Longevity in business is often one of the ways to tell who is providing quality work over time. That's why for contractors having a 'low' license number can be important. Another question brings to light the fact some generals may be unintentionally breaking the law. Lastly, have we discovered a 'loophole' that may 'rain' on the parade of some "C-39"s . . .

Q: I've done quite a bit of research and have been unable to answer what seems like a straightforward question. If the personal license of a Responsible Managing Officer (RMO) is suspended (for bond suspension) is the corporation's license affected. In other words, does the corporation's license depend upon the status of the individual RMO's license?

A: A bond suspension -- or even expiration -- of the qualifier's personal (sole owner) license has no impact on the status of the corporation's license for which he serves as RMO.

Q: I just received a letter from the CSLB telling me they could not reassign my partnership license to our new corporation. In fact they issued us a new license number that begins with a "92". What happens to our old partnership license? Can I still use the old number (which begins with a "63")?

A: Unfortunately, the CSLB cannot reissue a partnership license to any other entity. When conducting business as a corporation, you should use this new license number. If the partnership is still intact you can continue to use this old number but ONLY for the partnership - not the new corporation. If the partnership was dissolved or one of the partners has left or disassociated, this license will be cancelled.

Q: A friend of mine just faxed me one of your recent columns in a magazine (sorry I am not sure which one). It involved a "B" contractor bidding on a project with just one trade. I also have a general building license and often take projects involving one trade. Is this really a problem?

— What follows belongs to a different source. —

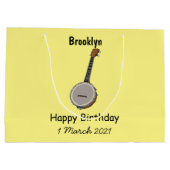 Cartoon Banjo Große Geschenktüte (Rückseite)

A: Yes it is a potential problem. As I have indicated in prior columns, a "B" may take a prime or subcontract involving TWO or more unrelated trades (framing or carpentry are exceptions). In most cases, it's proper for the "B" to take a project that involves only one trade if it's subcontracted to a properly licensed contractor.

Q: Thank you for the informative information that you contribute to my plan room publications. In regards to your recent question involving a general contractor not being allowed to perform roofing; wasn't there a change in California a year or two ago that said that the general must have Workmen's Comp on file and in force when performing roofing. I believe that may have been the intent of the question.

A: Thank you for the kind words. I am glad you find my columns so informative. I truly enjoy writing these every week and am happy to respond to those who take the time to call, write or email questions.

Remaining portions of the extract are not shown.